Are there any consideration for an IPO for any of our subsidiary?
So this question always comes up as we really do have quite strong subsidiaries in MRO capacity, Turkish technique in our cargo operations, Turkish Cargo, our ground handling operation, Turkish TGS and the newly incorporated -- to be incorporated low-cost subsidiary, AnadoluJet. As of today, at the moment, we don't have any IPO consideration, but that our partner having strategic partners are always within considerations to help us grow our market size.
We have additional questions from our participants Serhat from Yatirim Finansman is asking about, is there any -- is there a possibility to reaching PSS software strategy after yesterday's software issues?

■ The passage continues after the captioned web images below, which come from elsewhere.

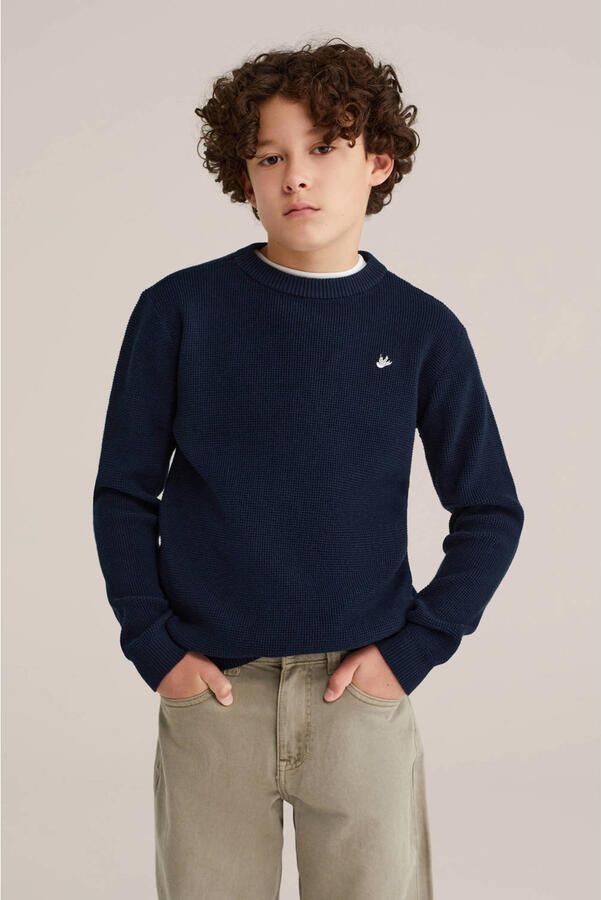WE Fashion trui donkerblauw fijn gebreid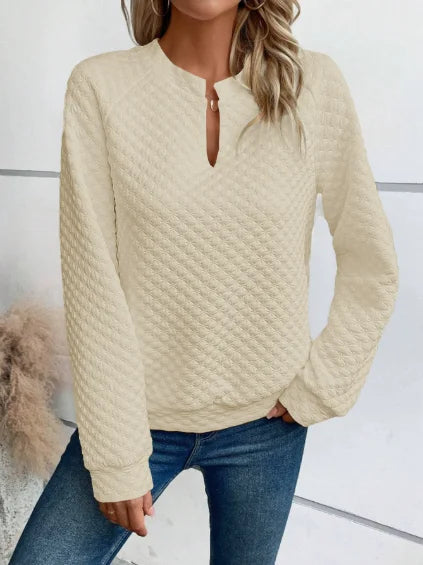 Sweat-shirt Femme Col V Profond - Hoodie Ample Manches Longues Printemps/Automne 2025 SUN N.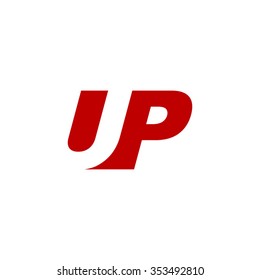 UP Negative Space Letter Logo Red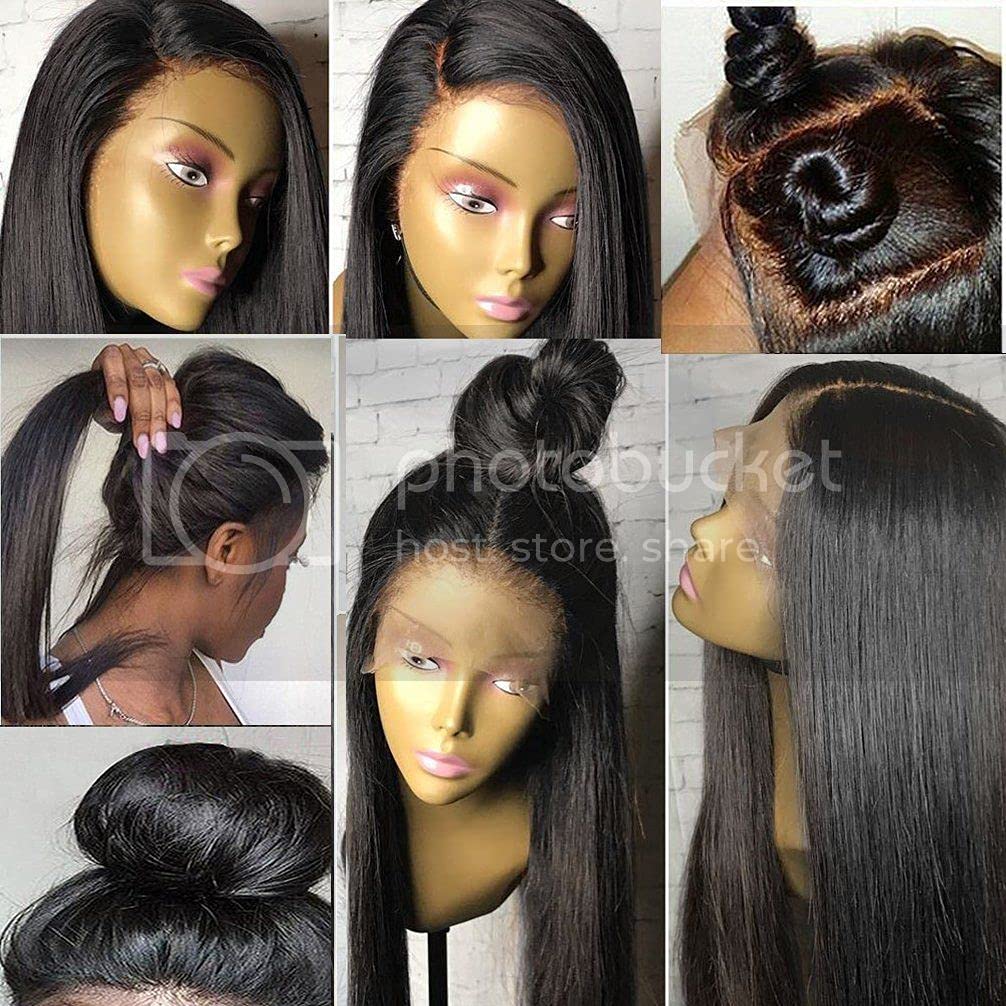 Brazilian Virgin Human Hair Lace Front Wigs - Pre Plucked Bleached Knots 180% Density Silky Straight Glueless Wig with Baby Hair for Black Women | 14 Inch Natural Look for Daily Wear & Special Occasions
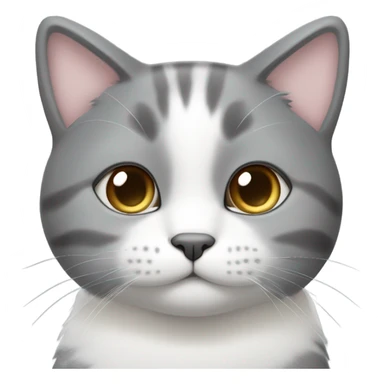 grey and white cat with no stripes sticker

Well, first of all, the problem wasn't PSS specific issue. It was a very unrelated maintaining problem that got affected some of our major mainframe software. So that's why we don't have any -- I mean, PSS issues for various other reasons that we are -- IT teams are working on, whether to change or improve, but the issue that came up last year had nothing to do with the PSS software we use.
Cut from a transport world, we already some part of this question, but Murat not do we see more alliances from Turkish Airlines like with China Eastern [indiscernible]?
Definitely, especially in the long-haul areas, Far East and Americas, in particular, we have a strong appetite to grow our engagements with our -- with other airlines. As we expressed in the presentation, China Eastern, the more extensive one with the Indigo such collaborative efforts are very valuable. We have been communicating with quite a bit such network carriers in Far East in Americas. We'll be announcing them as more progress is made, but that's one of our core strategic purposes to increase our operation -- to increase our network in the long-haul destination.
Sultan from AB is asking about. Can you remind us what is the reason behind the slow recovery in European capacity and when do you expect it to recover?
So this is the slow recovery in European capacity. I mean for us, we have been actually been performing much better than European airlines in capacity, we put roughly 25% capacity in Europe compared to our 2019 level at 25%, whereas our major European peers had a drop of around 5%, 6% overall. Lufthansa had a drop of 21%. Air France 8% drop in passenger capacity as compared to 2019 levels. So we don't have a problem of putting capacity in Europe. On the contrary, we have increased the capacity in Europe in this year.
We haven't answered one part of the question of Anton from Citi. Where do you plan to invest your capacity in the long run, in the U.S. or Asia?
It's not one or the other actually. It's both -- I mean, we keep adding new destinations. In about a month, we will open another destination in Americas. Detroit will start to fly. Overall, we want to add like 9, 10 new destinations in Americas, another 10 to 15 destinations in the Far East. So it's not going to be one or the other. It's going to be both sides of the world in long-haul destinations that we are expecting to grow and looking into new destinations or partnerships as I answered in the earlier question.
Murat, I think our time is up. Sultan is asking additional questions, but I will follow up with him later. So I would like to thank all of our analysts for their participation. And if you have any further questions, you can get in touch with us any time. Thank you.
Thank you, speakers. Thank you, gentlemen, for the presentation. And ladies and gentlemen, that concludes today's webcast call. Thank you for your participation. You may now disconnect.